Ada banyak model atau teori tentang gaya belajar, dan yang saya gunakan sebagai contoh di sini hanyalah salah satunya. Menurut model tersebut, gaya belajar dapat dikelompokkan berdasarkan indera yang kita sukai untuk mencerna informasi. Gaya belajar "visual" mewakili preferensi untuk mencerna informasi melalui mata, sedangkan gaya belajar "auditori" melalui telinga dan gaya belajar "kinestetik" melalui indera gerak. 



Model VAK ini dikembangkan lebih lanjut oleh Fleming, yang membedakan antara gaya belajar "visual" dan "read/write". Kedua gaya belajar ini senang menggunakan mata untuk mencerna informasi, namun jenis informasinya berbeda. Gaya belajar visual lebih suka informasi berupa gambar, diagram, dan visualisasi lain. Gaya belajar read/write lebih suka membaca informasi dalam bentuk verbal (simbol bahasa). Keempat gaya belajar ini dikenal dengan akronim VARK. 
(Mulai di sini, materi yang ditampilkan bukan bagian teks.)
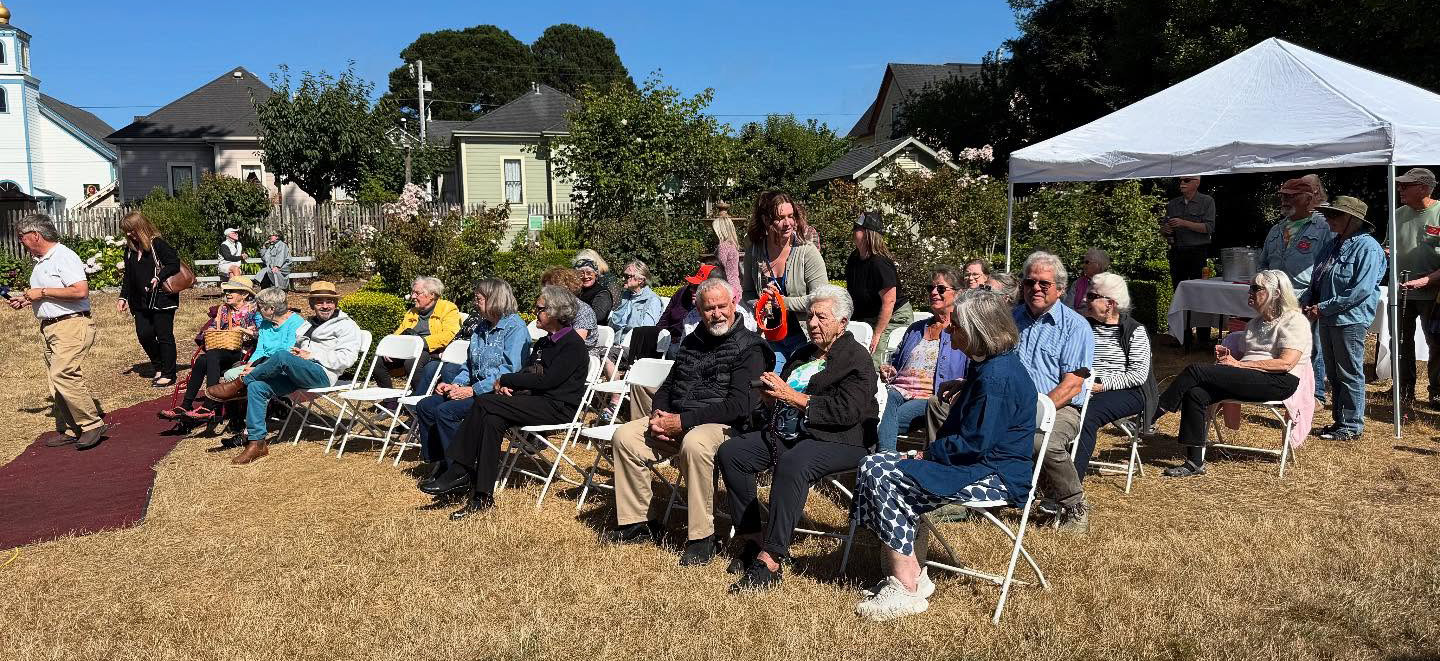 Historic Buhne Fence Dedication Historic Buhne Fence Dedication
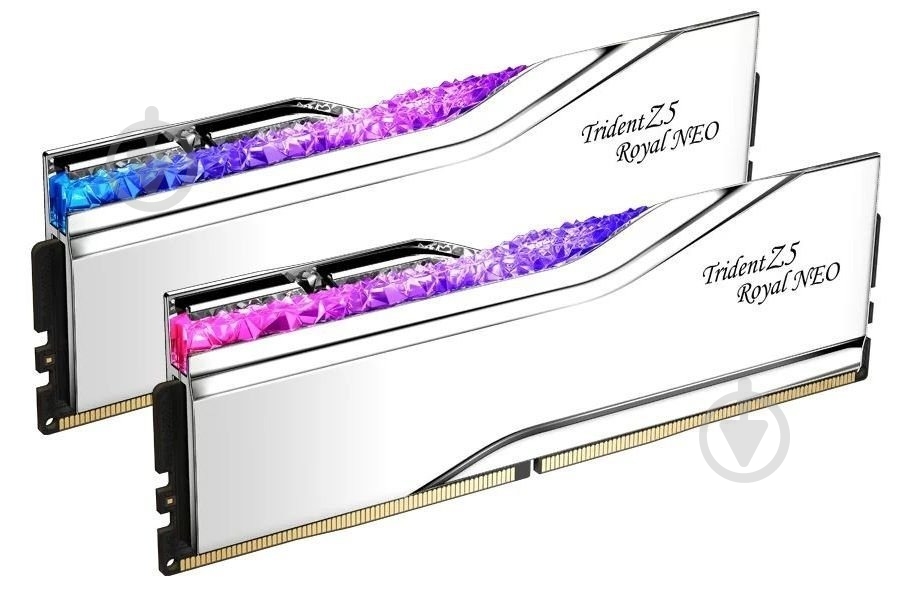 Оперативная память G.Skill DDR5 SDRAM 48 GB (2x24GB) 6000 MHz (F5-6000J2836F24GX2-TR5NS) - фото 2 Оперативная память G.Skill DDR5 SDRAM 48 GB (2x24GB) 6000 MHz (F5-6000J2836F24GX2-TR5NS) - фото 2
Gagasan gaya belajar tampaknya sangat populer. Di database artikel ilmiah Google Scholar, kata kunci "learning styles" akan memberi anda lebih dari 400 ribu hits, sedangkan kata kunci "gaya belajar" akan menghasilkan sekitar 7700 hits. Artikel populer tentang gaya belajar ada lebih banyak lagi: lebih dari 5 juta artikel dalam bahasa Inggris, dan sekitar 322 ribu dalam bahasa Indonesia!



Dan memang, banyak orang tampaknya ingin tahu tentang gaya belajarnya sendiri. Website VARK, misalnya, mengklaim bahwa dalam rentang tiga bulan saja (Januari - Maret 2015), kuesionernya telah diisi hampir 75 ribu kali! (http://vark-learn.com/introduction-to-vark/research-statistics/) Saya juga kenal beberapa pendidik dan institusi pendidikan yang secara rutin meminta siswanya mengisi kuesioner gaya belajar. 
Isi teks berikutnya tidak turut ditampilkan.